Make people sign up if they want a url they can `curl` and then either block or charge users who download too much.
> Just the other day, one user has managed to download almost 10,000 copies of the italy-latest.osm.pbf file in 24 hours!
For example GMP blocked GitHub:
https://www.theregister.com/2023/06/28/microsofts_github_gmp...
This "emergency measure" is still in place, but there are mirrors available so it doesn't actually matter too much.
E.g. my SQLite project downloads code from the GitHub mirror rather than Fossil.
That way someone manually downloading the file is not impacted, but if you try to put the url in a script it won’t work.
Although they refer to IP ranges, the same principle applies on a smaller scale to a single IP address: (1) dynamic IP addresses get reallocated, and (2) entire buildings (universities, libraries, hotels, etc.) might share a single IP address.
Aside from accidentally affecting innocent users, you also open up the possibility of a DOS attack: the attacker just has to abuse the service from an IP address that he wants to deny access to.
Also, everyone go contribute/done to OSM.
Shapefiles shouldn't be what you're after, Parquet can almost always do a better job unless you need to either edit something or use really advanced geometry not yet supported in Parquet.
Also, this is your best source for bulk OSM data: https://tech.marksblogg.com/overture-dec-2024-update.html
If you're using ArcGIS Pro, use this plugin: https://tech.marksblogg.com/overture-maps-esri-arcgis-pro.ht...
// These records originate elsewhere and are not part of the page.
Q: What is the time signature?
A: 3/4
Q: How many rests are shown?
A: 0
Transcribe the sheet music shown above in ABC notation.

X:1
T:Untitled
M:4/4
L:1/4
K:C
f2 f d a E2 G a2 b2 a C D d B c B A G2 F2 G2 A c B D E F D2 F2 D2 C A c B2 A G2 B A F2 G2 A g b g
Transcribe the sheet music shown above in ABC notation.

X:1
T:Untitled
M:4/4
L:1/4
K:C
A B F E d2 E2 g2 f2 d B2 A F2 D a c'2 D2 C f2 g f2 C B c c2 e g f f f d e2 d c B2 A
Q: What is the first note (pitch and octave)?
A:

I had the same thoughts for some time now. It would be really nice to distribute software and containers this way. A lot of people have the same data locally and we could just share it.
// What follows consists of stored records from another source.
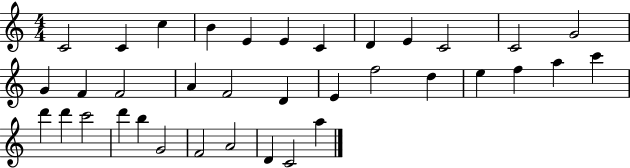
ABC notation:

X:1
T:Untitled
M:4/4
L:1/4
K:C
C2 C c B E E C D E C2 C2 G2 G F F2 A F2 D E f2 d e f a c' d' d' c'2 d' b G2 F2 A2 D C2 a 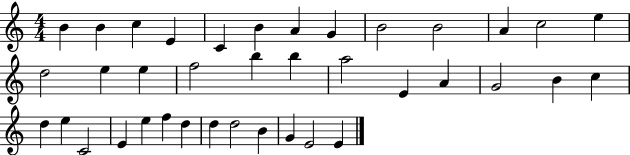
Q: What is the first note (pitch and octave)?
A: B4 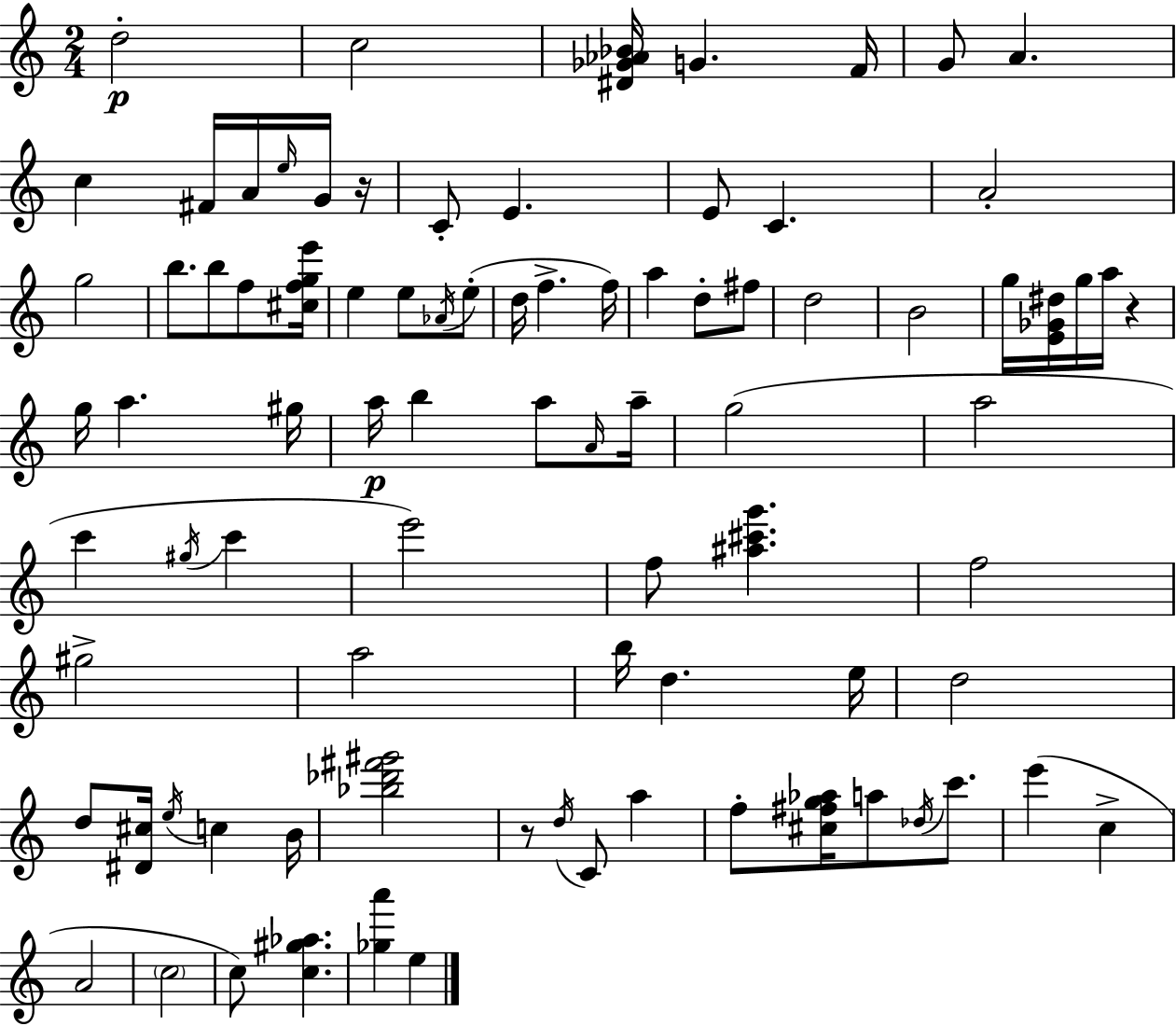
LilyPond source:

{
  \clef treble
  \numericTimeSignature
  \time 2/4
  \key c \major
  d''2-.\p | c''2 | <dis' ges' aes' bes'>16 g'4. f'16 | g'8 a'4. | \break c''4 fis'16 a'16 \grace { e''16 } g'16 | r16 c'8-. e'4. | e'8 c'4. | a'2-. | \break g''2 | b''8. b''8 f''8 | <cis'' f'' g'' e'''>16 e''4 e''8 \acciaccatura { aes'16 } | e''8-.( d''16 f''4.-> | \break f''16) a''4 d''8-. | fis''8 d''2 | b'2 | g''16 <e' ges' dis''>16 g''16 a''16 r4 | \break g''16 a''4. | gis''16 a''16\p b''4 a''8 | \grace { a'16 } a''16-- g''2( | a''2 | \break c'''4 \acciaccatura { gis''16 } | c'''4 e'''2) | f''8 <ais'' cis''' g'''>4. | f''2 | \break gis''2-> | a''2 | b''16 d''4. | e''16 d''2 | \break d''8 <dis' cis''>16 \acciaccatura { e''16 } | c''4 b'16 <bes'' des''' fis''' gis'''>2 | r8 \acciaccatura { d''16 } | c'8 a''4 f''8-. | \break <cis'' fis'' g'' aes''>16 a''8 \acciaccatura { des''16 } c'''8. e'''4( | c''4-> a'2 | \parenthesize c''2 | c''8) | \break <c'' gis'' aes''>4. <ges'' a'''>4 | e''4 \bar "|."
} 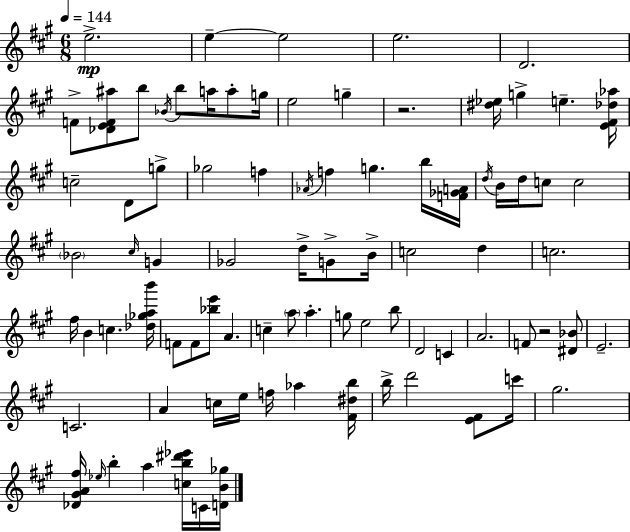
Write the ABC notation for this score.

X:1
T:Untitled
M:6/8
L:1/4
K:A
e2 e e2 e2 D2 F/2 [_DEF^a]/2 b/2 _B/4 b/2 a/4 a/2 g/4 e2 g z2 [^d_e]/4 g e [E^F_d_a]/4 c2 D/2 g/2 _g2 f _A/4 f g b/4 [F_GA]/4 d/4 B/4 d/4 c/2 c2 _B2 ^c/4 G _G2 d/4 G/2 B/4 c2 d c2 ^f/4 B c [_d_gab']/4 F/2 F/2 [_be']/2 A c a/2 a g/2 e2 b/2 D2 C A2 F/2 z2 [^D_B]/2 E2 C2 A c/4 e/4 f/4 _a [^F^db]/4 b/4 d'2 [E^F]/2 c'/4 ^g2 [_D^GA^f]/4 _e/4 b a [cb^d'_e']/4 C/4 [DB_g]/4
1. BitTorrent has a bad rep. Most people still associate it with just illegal download.
2. It requires slightly more complex firewall rules, and asking the network admin to put them in place might raise some eyebrow for reason 1. On very restrictive network, they might not want to allow them at all due to the fact that it opens the door for, well, BitTorrent.
3. A BitTorrent client is more complicated than an HTTP client, and not installed on most company computer / ci pipeline (for lack of need, and again reason 1.). A lot of people just want to `curl` and be done with it.
4. A lot of people think they are required to seed, and for some reason that scare the hell of them.
Overall, I think it is mostly 1 and the fact that you can just simply `curl` stuff and have everything working. I do sadden me that people do not understand how good of a file transfer protocol BT is and how it is underused. I do remember some video game client using BT for updates under the hood, and peertube use webtorrent, but BT is sadly not very popular.
Some of the reasons consists of lawyers sending put costly cease and desist letters even to "legitimate" users
Obviously illegal ≠ immoral, and being a free-software/libre advocate opposed to copyright, I am in favor of the free sharing of humanity's knowledge, and therefore supportive of piracy, but that doesn't change the perception in a corporate environment.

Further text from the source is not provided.